I’m reading a book at the moment: ‘Greece, The Hidden Centuries’, by historian David Brewer. It’s subtitled, ‘Turkish Rule from the Fall of Constantinople to Greek Independence.’ Brewer is a classics scholar with a particular interest in the history of Greece, and this book raises many issues that challenge received wisdom. Perhaps I’ll review the book in another post – but for now I want to focus on the chapter entitled ‘Travellers to Greece’, which deals with visitors from Western Europe during the two hundred years from the late 16th to the late 18th century.
Brewer notes that, from the late 17th century, as interest grew in Greek antiquities, the removal to England and France of whatever could be moved became a kind of competition between the two nations. Even at that time there seems to have been some argument about whether collectors were saving the monuments from destruction, or simply looting, and wreaking their own destruction in the process. Possibly the most famous of these uplifted treasures is the collection of marble sculptures from the Parthenon in Athens, sometimes known as the Elgin Marbles, after the English Lord who arranged and financed their removal to London. Brewer ventures his opinion that the controversial statuary should be returned to Greece.

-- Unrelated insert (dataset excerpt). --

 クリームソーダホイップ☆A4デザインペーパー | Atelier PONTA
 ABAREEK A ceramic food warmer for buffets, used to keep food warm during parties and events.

No doubt the UK Government, and the curators of the British Museum, where the Parthenon marbles are displayed, will be in no hurry to acquiesce in this matter. An entire new gallery was added to the iconic museum in 1937, solely for the purpose of displaying these priceless relics of ancient Greece. Whatever the rights and wrongs of it, I would like to take this opportunity to commend officials of the University of Pennsylvania Museum of Archaeology and Anthropology, who have decided to make an important gesture in the controversial field of relocating antiquities. It seems that the museum had acquired twenty-four pieces of ancient jewellery back in 1966, at a time when museums generally were rather less fussy about checking the provenance of purchases. Recent study of the items has suggested that they could originate from the city of Troy, now in northwest Turkey.
King Midas of Gordion, with his golden daughter |
Apparently a deal has been worked out between the American museum and the Turkish Culture and Tourism Ministry, providing for the jewellery to be loaned indefinitely to Turkey. Archeologists from Pennsylvania University have been working on excavations at Troy, and Gordion, some seventy kilometres from the Turkish capital, Ankara, and the institution is planning an exhibition of artefacts from the latter site. The Turkish Government continues to support the archeological work, and will allow the loan of treasures from Gordion for the exhibition.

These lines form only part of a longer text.